Thursday, July 06, 2006

The Perils of a Cleaning Staff-in-Training

It's clear that I've been too long in this country. After a few weeks of a goofy keyboard, I now try to type the letter 'i' altogether wrongly.

I was treated to a delightful lunch out today, which meant that I didn't feel another restaurant meal was in order for the night. Around 7, I felt a bit peckish and thought I would slice up some fresh tomato to put on some bread with cheese. Sounds good, right? Well it did to me as well... until I discovered my knife had gone AWOL. For those of you hardcore followers of my blog, you might remember how proud I was about the acquisition of the lovely all-in-one camping cutlery set from MEC. (Robin can also attest to how long I stood before the camping cutlery rack, pondering my options carefully, before excitedly deciding on that particular set.) The knife even had a built-in can opener! What more could you ask for? Well, the very presence of the cursed knife would be a start.

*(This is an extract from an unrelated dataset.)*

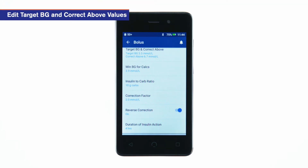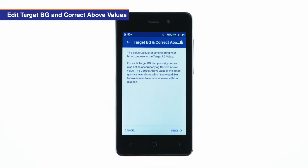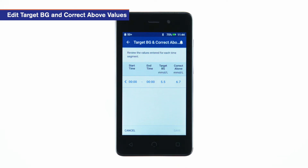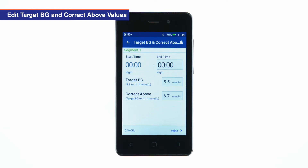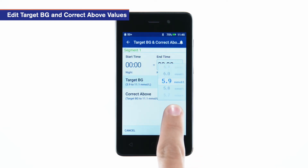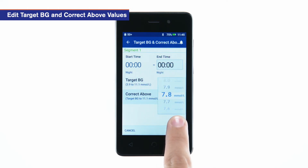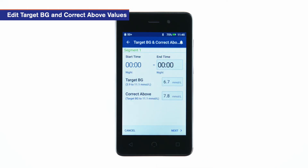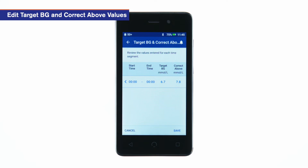Tap target BG and correct above. Tap next. To edit a segment, tap the row containing the segment you want to edit. Adjust the end time, target BG, and correct above values as desired. Tap next. Repeat these steps as needed for the remaining segments. After confirming all segments are correct, tap save.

A frenzied search of my hotel room confirms that it really is missing. And judging by the surprising lack of items sitting upon the desk in the room, I suspect that the poor knife fell victim to an overzealous cleaning rampage by the young student hotel employees. I trust that they have good intentions, but their cleaning style is plain weird and a bit passive-aggressive, if you ask me. Sometimes they just kind of move my garbage around ever so slightly, and other times they take matters into their own hands and make decisions about what I intended to throw out. Unfortunately, they tend to guess wrong on the latter issue. Hence, I suspect, the untimely disappearance of my tomato slicing device, along with some cute food packaging that I'd purposely hung onto so that I could cut out bits for my journal. Grr!

I suspect I'm being irrationally upset by matters, but these things tend to get to a person. Especially when the only reassuring comfort place for me is the 'home' that I've carved out in my small hotel room. Is even that not sacred?

I maintain hope, though, that the knife situation will get better. Turkey has an abundance of peculiar streetside sellers, who sell everything from bandages to roasted corn on their tiny trays. As I made my way to the cafe this evening, still seething over the loss of my knife, I noticed that one of my neighbourhood's vendors sells forks (along with hair clips and underwear, of course). Thus, there is hope.

RIP handy 2-in-one knife! I'll miss you!!